> Though be grateful for the fact that
> the text is out there at all and
> you don't have to OCR it yourself!
well heck, i'm _extremely_ grateful for project gutenberg.
as the forerunner of _all_ the net collaboration projects,
including wikipedia, it has _tremendous_ value to me...
so that's first and foremost.
having said that, however, o.c.r. ain't difficult these days.
scanning (and all that it entails, including rounding up
a hard-copy to scan) is the hardest part of the equation,
and google (and others) are taking care of all that hassle.
but yeah, as i said, correcting that o.c.r. is where all the
p.g. e-texts will come in handy, in the next cyberlibrary.
> Also you can see the issue from the point of view
> of the original transcribers as well.

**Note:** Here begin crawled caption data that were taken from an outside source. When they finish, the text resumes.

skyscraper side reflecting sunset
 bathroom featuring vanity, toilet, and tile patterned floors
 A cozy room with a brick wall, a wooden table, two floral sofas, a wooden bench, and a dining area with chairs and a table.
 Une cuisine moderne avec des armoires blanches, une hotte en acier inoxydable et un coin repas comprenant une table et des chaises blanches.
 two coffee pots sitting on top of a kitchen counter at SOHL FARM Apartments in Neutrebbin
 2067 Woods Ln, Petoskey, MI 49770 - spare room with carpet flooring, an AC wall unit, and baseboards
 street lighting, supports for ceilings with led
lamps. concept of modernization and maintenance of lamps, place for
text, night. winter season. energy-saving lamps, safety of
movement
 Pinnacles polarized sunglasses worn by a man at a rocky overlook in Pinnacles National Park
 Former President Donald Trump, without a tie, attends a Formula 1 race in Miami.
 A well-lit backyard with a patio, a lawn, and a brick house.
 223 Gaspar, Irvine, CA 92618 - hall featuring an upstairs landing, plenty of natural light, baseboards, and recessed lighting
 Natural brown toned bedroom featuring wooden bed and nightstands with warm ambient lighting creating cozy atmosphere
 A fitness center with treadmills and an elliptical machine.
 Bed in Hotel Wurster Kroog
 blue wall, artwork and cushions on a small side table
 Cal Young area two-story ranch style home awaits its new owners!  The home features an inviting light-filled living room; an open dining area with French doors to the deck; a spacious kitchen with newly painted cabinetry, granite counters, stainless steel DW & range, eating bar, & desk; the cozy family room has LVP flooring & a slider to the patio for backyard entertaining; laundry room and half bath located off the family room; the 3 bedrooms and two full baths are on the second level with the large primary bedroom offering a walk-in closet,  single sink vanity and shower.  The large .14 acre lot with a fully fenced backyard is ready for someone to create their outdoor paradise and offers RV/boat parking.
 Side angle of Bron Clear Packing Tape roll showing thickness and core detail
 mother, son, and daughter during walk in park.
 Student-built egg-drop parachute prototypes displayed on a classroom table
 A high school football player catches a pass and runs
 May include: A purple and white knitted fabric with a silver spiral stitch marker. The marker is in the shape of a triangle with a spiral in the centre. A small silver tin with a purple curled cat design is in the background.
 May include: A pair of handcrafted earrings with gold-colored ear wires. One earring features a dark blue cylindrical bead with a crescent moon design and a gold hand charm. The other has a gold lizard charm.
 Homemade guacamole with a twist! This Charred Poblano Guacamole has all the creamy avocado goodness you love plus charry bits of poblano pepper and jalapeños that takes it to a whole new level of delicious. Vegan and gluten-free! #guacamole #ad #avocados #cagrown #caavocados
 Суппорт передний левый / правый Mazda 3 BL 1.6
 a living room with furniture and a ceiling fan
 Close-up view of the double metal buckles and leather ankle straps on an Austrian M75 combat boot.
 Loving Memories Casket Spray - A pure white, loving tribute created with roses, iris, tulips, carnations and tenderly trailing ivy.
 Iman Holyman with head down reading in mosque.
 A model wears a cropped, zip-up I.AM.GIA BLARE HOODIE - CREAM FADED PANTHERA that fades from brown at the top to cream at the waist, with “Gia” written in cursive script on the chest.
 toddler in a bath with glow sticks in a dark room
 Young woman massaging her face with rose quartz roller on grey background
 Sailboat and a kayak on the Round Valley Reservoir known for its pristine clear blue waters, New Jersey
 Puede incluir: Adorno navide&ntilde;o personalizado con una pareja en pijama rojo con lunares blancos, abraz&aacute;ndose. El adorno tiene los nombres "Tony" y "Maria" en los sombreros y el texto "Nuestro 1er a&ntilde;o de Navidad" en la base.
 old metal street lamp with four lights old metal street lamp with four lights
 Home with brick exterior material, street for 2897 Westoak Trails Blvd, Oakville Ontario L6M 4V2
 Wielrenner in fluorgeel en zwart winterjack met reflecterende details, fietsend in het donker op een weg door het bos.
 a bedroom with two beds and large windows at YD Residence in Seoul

For example
> I've just been restoring the italics in the PG text of Nostromo,
> and very often the transcriber users initial caps for a word
> that was originally in italics - probably a more elegant and
> reader-friendly solution than using forward slashes for italicized words.
well, maybe. the problem is, though, that it's an ambiguous coding,
so it becomes impossible to restore things to their original state...
a forward-slashes method -- while maybe not "reader-friendly" --
would have at least been unambiguous enough to easily un-do...
> I don't understand why you would need a new mark-up,
> correctly used, html mark-up [eg h1 for the book title
> h2 for the part or section title and h3 for the chapter]
> gives you all the semantic information you need.
well, the problem with .html is that its obtrusive markup makes it
hard to maintain (e.g., correct, edit, compare, update, re-mix, etc.),
as well as to read in the underlying "master" format.
do a view-source on this page:
then compare that source-html to this page:
particularly since the .zml file actually _generated_ the .html one,
i think it's pretty easy to tell which file would be easier to maintain,
especially with a library of thousands of e-texts (let alone millions).
and then of course when you ratchet up the difficulty to the level of
the .epub format, where each e-text file needs accompanying files,
you're just asking for trouble. in my view, complex formats like that
are simply the old-guard dinosaur publishing-houses attempting to
raise the cost-of-entry for us "amateur" newbies, whose new capacity
for self-publishing will totally and completely subvert their business.
they're attempting to find a way to maintain their status as middlemen,
so they can continue to siphon off a good percentage of the revenue...
> Personally I believe that plain vanilla html
> (or its baby siblings markdown, textile etc) is the new ascii.
markdown and textfile are both light-markup systems,
and thus of the same type as my zen markup language.
(except my z.m.l. is even less obtrusive than they are.)
but yes, this is the way of the future. authors want to write,
not be caught up in unnecessary complexities of file-formats.